Fixes amaranth-lang#603.

amaranth/back/rtlil.py

@@ -328,16 +328,23 @@ def resolve(self, signal, prefix=None):
         else:
             wire_name = signal.name
 
+        is_sync_driven = signal in self.driven and self.driven[signal]
+
         attrs = dict(signal.attrs)
         if signal._enum_class is not None:
             attrs["enum_base_type"] = signal._enum_class.__name__
             for value in signal._enum_class:
                 attrs["enum_value_{:0{}b}".format(value.value, signal.width)] = value.name
 
+        # For every signal in the sync domain, assign \sig's initial value (using the \init reg
+        # attribute) to the reset value.
+        if is_sync_driven:
+            attrs["init"] = ast.Const(signal.reset, signal.width)
+
         wire_curr = self.rtlil.wire(width=signal.width, name=wire_name,
                                     port_id=port_id, port_kind=port_kind,
                                     attrs=attrs, src=_src(signal.src_loc))
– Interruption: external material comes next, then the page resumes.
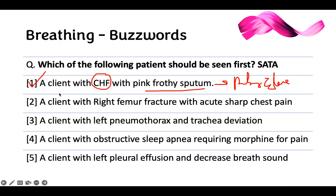A client with right femoral fracture and acute sharp chest pain — this is another way of reframing the same concept. They can trick you by changing words but telling you the same thing. The NCLEX has no new questions under the sun — they change one word and modify the answers slightly. We're talking about fat embolism from long bone fracture. They can present it as petechiae, chest pain, or even sudden onset confusion — all indicate fat embolism.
-        if signal in self.driven and self.driven[signal]:
+        if is_sync_driven:
             wire_next = self.rtlil.wire(width=signal.width, name=wire_curr + "$next",
                                         src=_src(signal.src_loc))
         else:
@@ -944,40 +951,42 @@ def _convert_fragment(builder, fragment, name_map, hierarchy):
                     stmt_compiler._has_rhs = False
                     stmt_compiler._wrap_assign = False
                     stmt_compiler(group_stmts)
+
+        # For every driven signal in the sync domain, create a flop of appropriate type. Which type
+        # is appropriate depends on the domain: for domains with sync reset, it is a $dff, for
+        # domains with async reset it is an $adff. The latter is directly provided with the reset
+        # value as a parameter to the cell, which is directly assigned during reset.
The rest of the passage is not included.